The practice of connecting multiple semantic layers across systems into a unified, queryable semantic fabric.
Semantic layer federation is the architectural practice of connecting multiple semantic layers — from different vendors, business units, or cloud platforms — into a unified semantic fabric that can be queried as a single coherent system. As organizations accumulate multiple semantic layers (Snowflake Cortex, dbt semantic layer, Looker LookML, Microsoft Fabric), federation provides the integration layer that resolves conflicts, maps equivalent concepts, and presents a unified semantic interface to AI agents and analytics tools.
Semantic layer federation has emerged as a critical capability in 2026 as the semantic fragmentation crisis has matured. Organizations that deployed multiple semantic layers — one per vendor or business unit — are now facing the challenge of unifying them. Federation platforms like AtScale, Cube, and Calcite provide the technical infrastructure for semantic layer federation, while ontology alignment provides the semantic mapping layer.

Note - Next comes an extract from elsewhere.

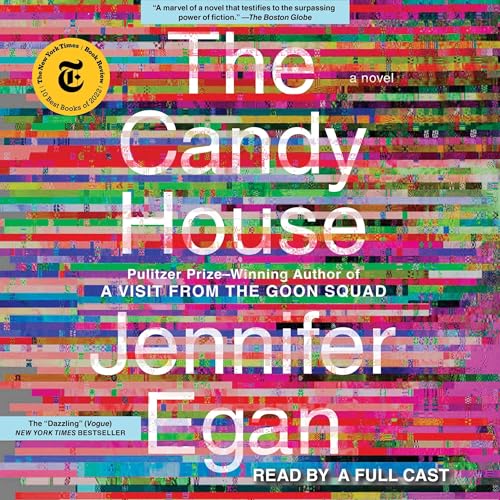 Cover of The Candy House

Semantic layer federation works by deploying a federation engine that sits above multiple semantic layers. The engine maintains a mapping between equivalent concepts across layers (e.g., 'revenue' in the Snowflake semantic layer = 'net_sales' in the dbt semantic layer), resolves conflicts using configurable precedence rules, and presents a unified query interface. Queries are decomposed, routed to the appropriate underlying semantic layers, and results are merged and reconciled.

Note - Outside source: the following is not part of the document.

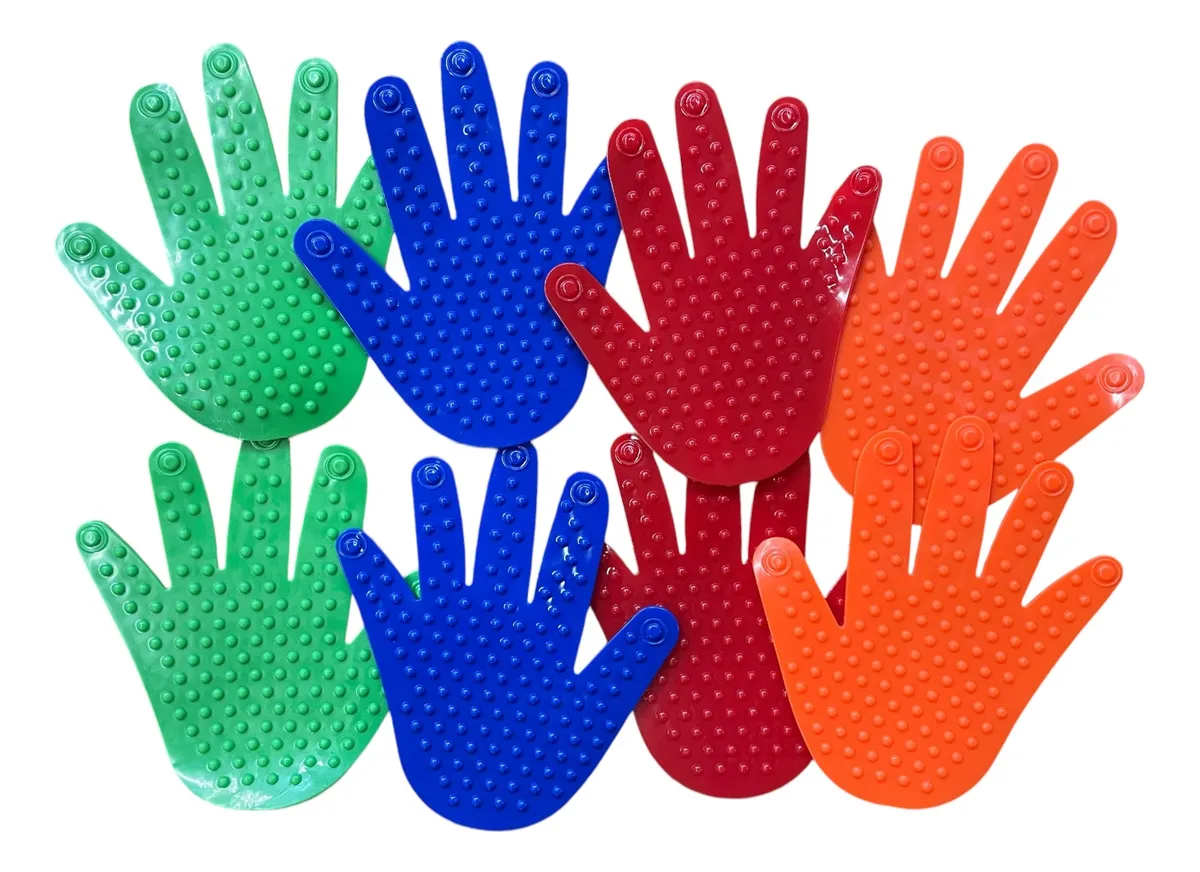 Set Huella Mano (Par)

A Fortune 500 company has four semantic layers: AtScale on Snowflake (finance data), dbt on Databricks (product analytics), Looker on BigQuery (marketing data), and Microsoft Fabric (HR data). A semantic layer federation platform maps equivalent metrics across all four, allowing an AI agent to answer 'What is the correlation between employee satisfaction scores and customer retention rates by region?' — a query that spans all four semantic layers.